I found a very interesting depiction of Lot and his daughters just after the pillar of salt episode involving his wife, their mother. The Bible states that Lot & his daughters fled to the hills and lived in a cave after the fall of Sodom and Gommorah. In order to begin the human race (again) the two girls decided to get Lot drunk and seduce him. You have to remember that Sodom and Gommorah were destroyed because of abhorrent sexual behaviour! This painting was of the two girls standing either side of their father, feeding him wine as he sat, looking well on the way to a serious night of drunken debauchery. The girls were grinning mischievously and Lot was leering like a drunken dope. I have never seen this Biblical episode painted and was fascinated. Sadly there was no postcard version of it.

Before catching the Metro back to le Triangle, we stopped off at a patisserie for dinner supplies – having fallen in love with the potato, we didn’t need a lot more food this day. We managed to navigate our way back to the car and once more drove to the Ecomusee.

To give it its full title, the Ecomusee du Pays de Rennes, is a 20 hectare farm which opened in 1987 to celebrate the fact that this area has been agricultural for a very long time. They breed rare farm animals (like particularly small goats who get their horns caught in wire fences) as well as grow various fruit trees.

Ecomusee du Pays de Rennes

The museum is housed in one of the original farm buildings. It houses, so the leaflet says, “…five centuries of life in the Rennes region…” Upon entering the museum the young chap we had encountered earlier was at great pains to tell us the museum closed at 6pm. He obviously thought we were a bit shifty looking because he made sure we didn’t waste any time over the French film, instead going straight to the displays. I kept spotting him tailing us all the way through. Very odd. Perhaps I look a bit like an international museum thief. Mirinda reckons he was simply wanting to improve his English by constantly talking to us but was basically very shy.

Anyway, the Ecomusee had a sad lack of furnished rooms, much to Mirinda’s chagrin. As this was the main reason for going, it is possibly understandable she was slightly miffed. The fact that some bozo kept telling us when the place wasn’t open just about finished her off.

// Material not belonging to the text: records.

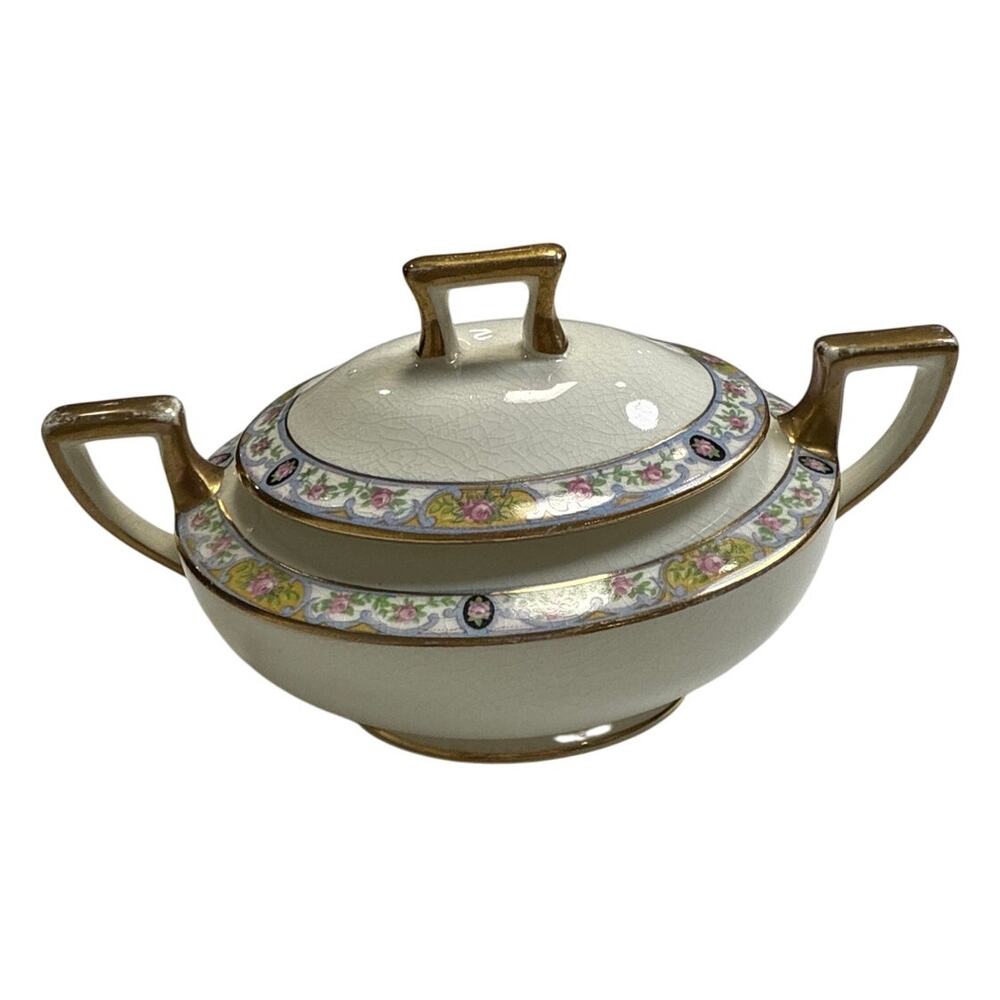 Vintage 1920s Homer Laughlin Covered Sugar Dish and Lid Pattern K4315m - Flawed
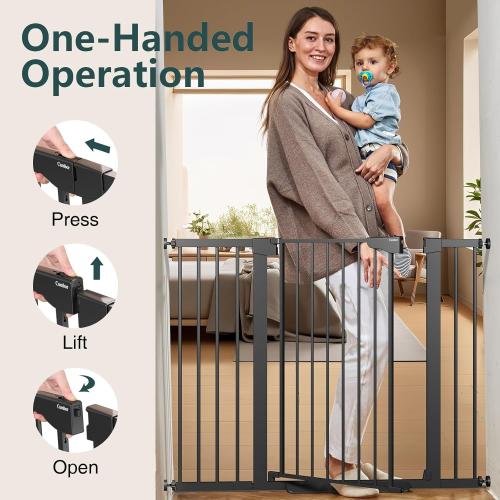 Cumbor 36 Extra Tall Baby Gate for Stairs, 29.7-48 Wide Dog Gates for Doorways, Auto Close Safety Gate for Babies and Pets, Easy Install, Pressure Mounted, Fits Doorways, Stairs, Entryways, Black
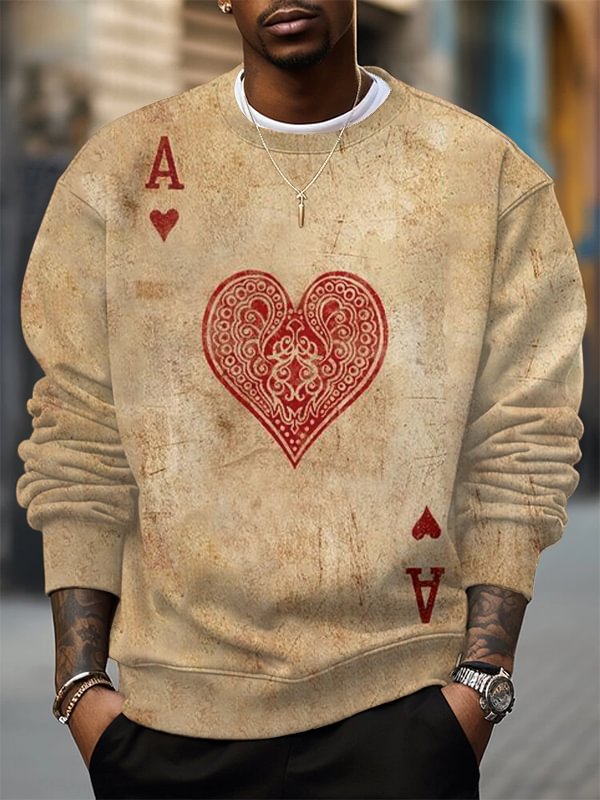 Men's Vintage Playing Cards Ace Art Print Casual Sweatshirt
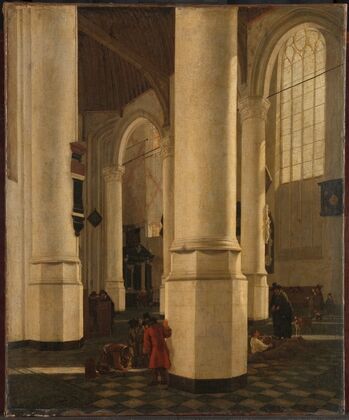 Interior of the Oude Kerk in Delft, with the Tomb of Vice-Admiral Pieter Pietersz Heijn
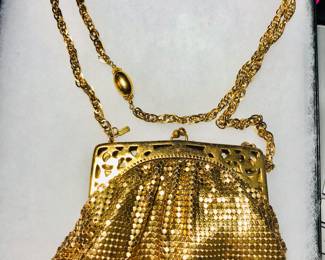 Vintage upscale Monet Mesh purse with long chain shoulder strap 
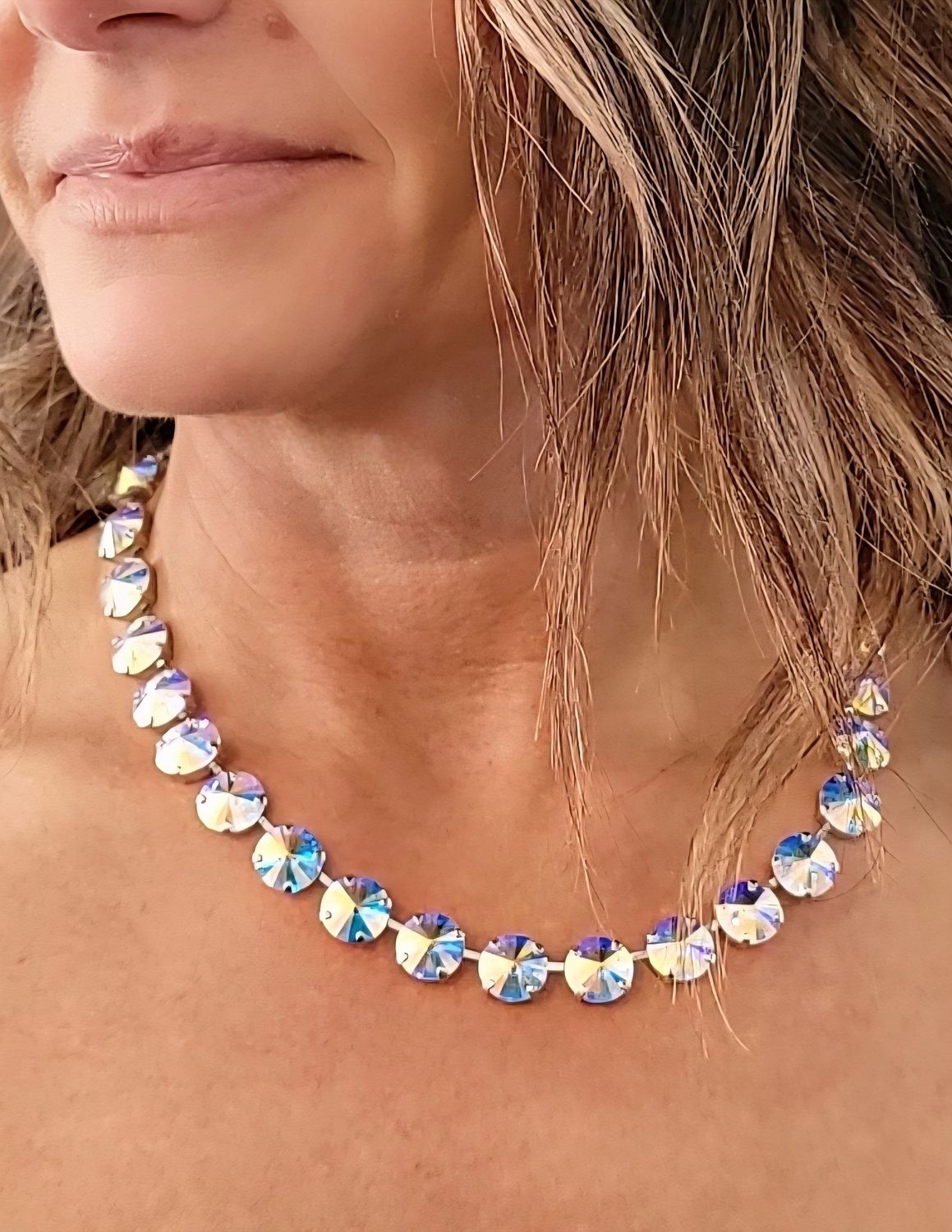 Silver 12mm AB Crystal Necklace Silver 12mm AB Crystal Necklace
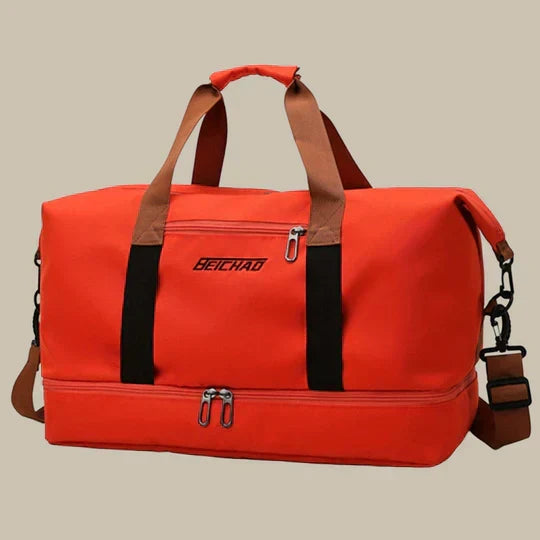 New organized men's duffle gym bag with dedicated shoe compartment. Perfect for sports, travel & weekend trips.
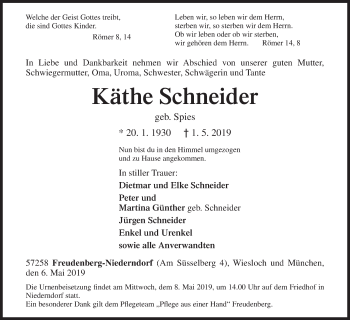Traueranzeige von Käthe Schneider von Siegener Zeitung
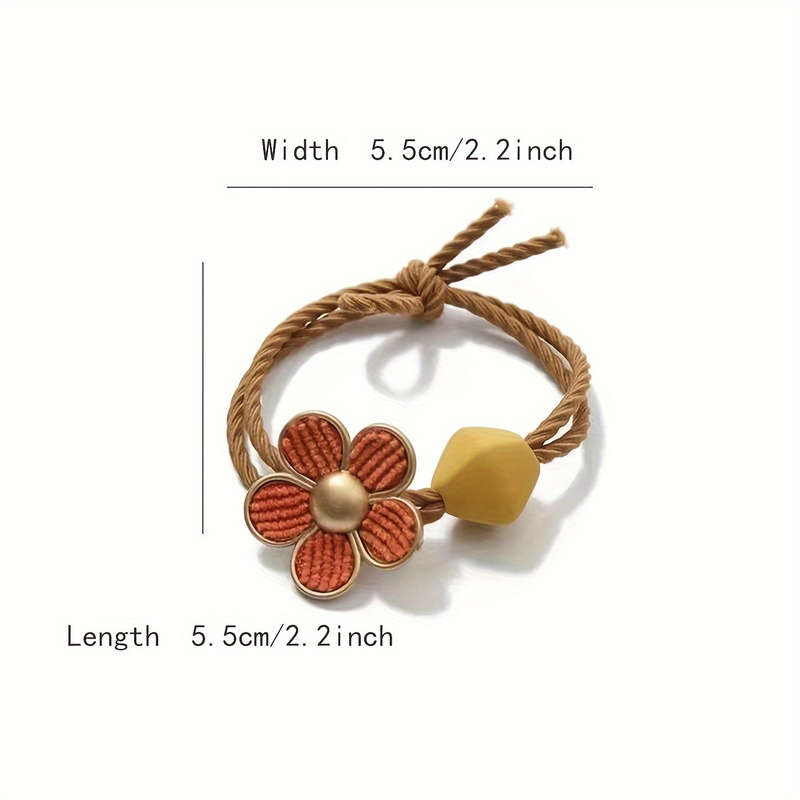 5pcs Cute Floral Beaded Hair Ties Set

This is probably a good place to give Mirinda a rant. She claims that the French tourist industry is in disarray because they are arrogant and afraid of change. The whole thing about most of the country being closed between 12 and 2 is extremely annoying to a tourist, I have to say! Actually, if you want to be successful in France, don’t close for lunch! You’ll get a lot of tourists in your shop.

Rather than brave the rush hour traffic around the Rennes bypass, we took the cross country voyage back to the Château de Pin where we enjoyed our Rennes cakes for tea.